И тогда он начал плакать. Сперва вырвался судорожный всхлип, откуда-то из самого живота. А потом рыдания было уже не остановить. Он стащил с себя стекла, и все слезы, невыплаканные им за последние шесть месяцев, обжигая щеки, полились по его мучительно искривленному лицу.
Лидди шагнула к нему, и он отпрянул, съежился, выставив перед собой руки, словно чтобы отгородиться от нее. Словно она была сделана из бумаги и могла порваться в его руках. Но она все равно его обняла. Тонкие руки – но из этой хватки ему было не вырваться, и хотя Лидди была на голову ниже, она прижала его лицо к своей груди и принялась целовать в затылок, приговаривая:
– Ш-ш-ш… Тише, тише… Все хорошо…
Через какое-то время, когда его всхлипывания начали утихать, она обхватила ладонями его щеки, подняла его голову и посмотрела ему прямо в глаза, спокойно и серьезно. Она вытерла слезы с его лица, провела кончиком большого пальца по заживающим царапинам.
– Что, было так плохо? – спросила она.
– Да уж, – просипел он. – Ничего хорошего…
Она улыбнулась своей улыбкой, освещавшей весь мир. Настолько близкой к нему, что он мог видеть ее даже без своих стекляшек.
– Но теперь я вернулся.
– Да. Теперь ты дома.
И он снова принялся плакать.
Стук открытого Май гроссбуха заставил Броуда вздрогнуть. Ему тотчас вспомнилась кувалда Судьи, когда она объявляла приговор. Он говорил себе, что она мертва. Что она будет последней в истории, кого сбросили с Цепной башни. Ров уже заполняли водой, уровень поднимался все выше, и пятна на дне с каждым днем уходили все дальше в глубину. Народный Суд сожгли до основания, до головешек. Он сам это видел. Однако никак не мог поверить по-настоящему. Все время ждал окрика Судьи, велящей ему притащить к ней какого-нибудь болвана, избить какого-нибудь болвана в назидание другим болванам. Все время ожидал услышать, как она говорит ему: «Ты мой».

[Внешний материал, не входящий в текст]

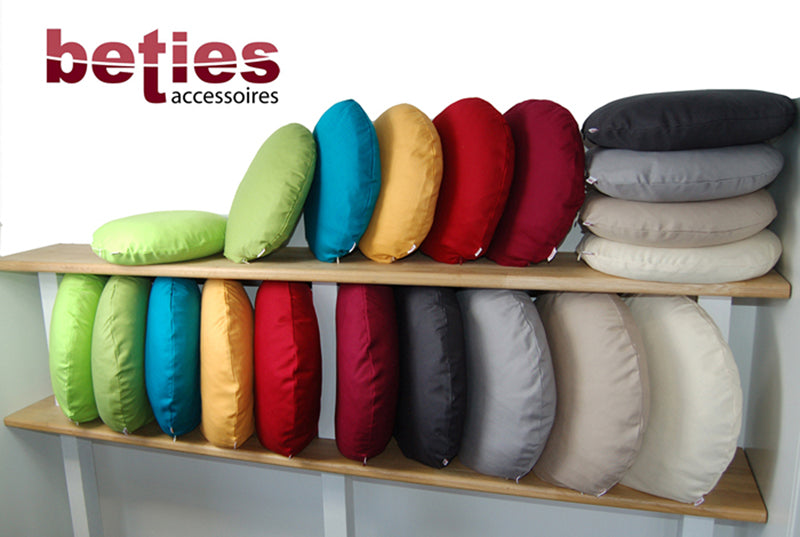 Zwei Reihen Runde Kissen in einem Holzregal. Die Kissen sind mit einfarbigen Kissenhuellen, in den Farben bezogen.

Он попытался спрятать свое смятение за шуткой, заглядывая Май через плечо, глядя на аккуратные столбики цифр, которые у него не было никаких шансов понять:
– И все-таки, как по мне, складывая чужие долги, на жизнь не заработаешь.
Она подняла голову от книги и улыбнулась ему, и он улыбнулся оттого, что может вызвать на ее лице улыбку. Думая о том, как это удивительно – что человек, сотворивший все то дурное, что сотворил он, мог приложить руку к сотворению чего-то настолько хорошего, как она. Когда он оставил их в Инглии, Май была тощей, угловатой, сплошные плечи и локти. Теперь ее волосы отросли, лицо округлилось. Она выглядела совсем женщиной, достаточно взрослой, чтобы заводить собственных детей.